Bioinspirierte Materialien

Wo die Natur der Wissenschaft neue Wege aufzeigt

7. November 2023 Gastbeitrag von Jia Min Chin
Auf der Suche nach Inspiration für die Entwicklung neuer Materialien lohnt der Blick in die Natur. In ihrem Gastbeitrag verrät die Materialchemikerin Jia Min Chin, welche Tricks Flora und Fauna für die Materialien der Zukunft bereithalten.
Der Rosenkäfer beeindruckt durch seinen goldgrün glänzenden Panzer. Die Farben entstehen nur durch die Oberflächenstruktur des Panzers, es sind keine Pigmente vorhanden. © iStock

Warum sind Käfer so farbenprächtig? Weshalb perlt Wasser von den Federn einer Ente oder von den Blättern des Frauenmantels ab?

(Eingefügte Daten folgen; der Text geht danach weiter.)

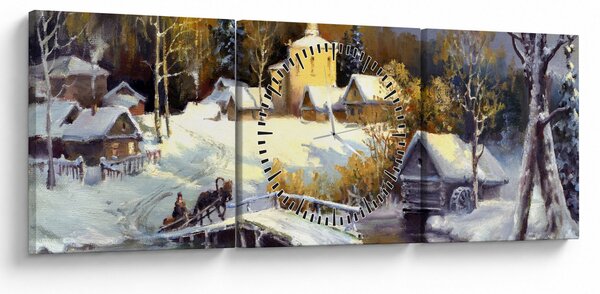 Obraz - Zimowe miasteczko (z zegarem) (90x30 cm)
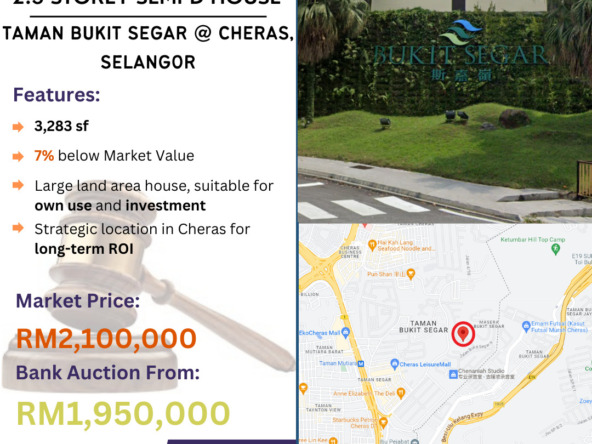 Bank Lelong 2.5 Storey Semi-D House @ Taman Bukit Segar, Cheras, Selangor for Auction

Vielleicht können Sie sich noch daran erinnern, wie Sie als Kind Ihre Umwelt voller Staunen und Faszination erforscht haben. Was wir von der Natur und der Art und Weise, wie sie Materialien hervorbringt, lernen können – und wie wir dieses Wissen für die Materialien der Zukunft nutzen können –, beschäftigt Materialwissenschafter*innen weltweit.

Welche Geheimnisse bergen die Materialien aus der Natur?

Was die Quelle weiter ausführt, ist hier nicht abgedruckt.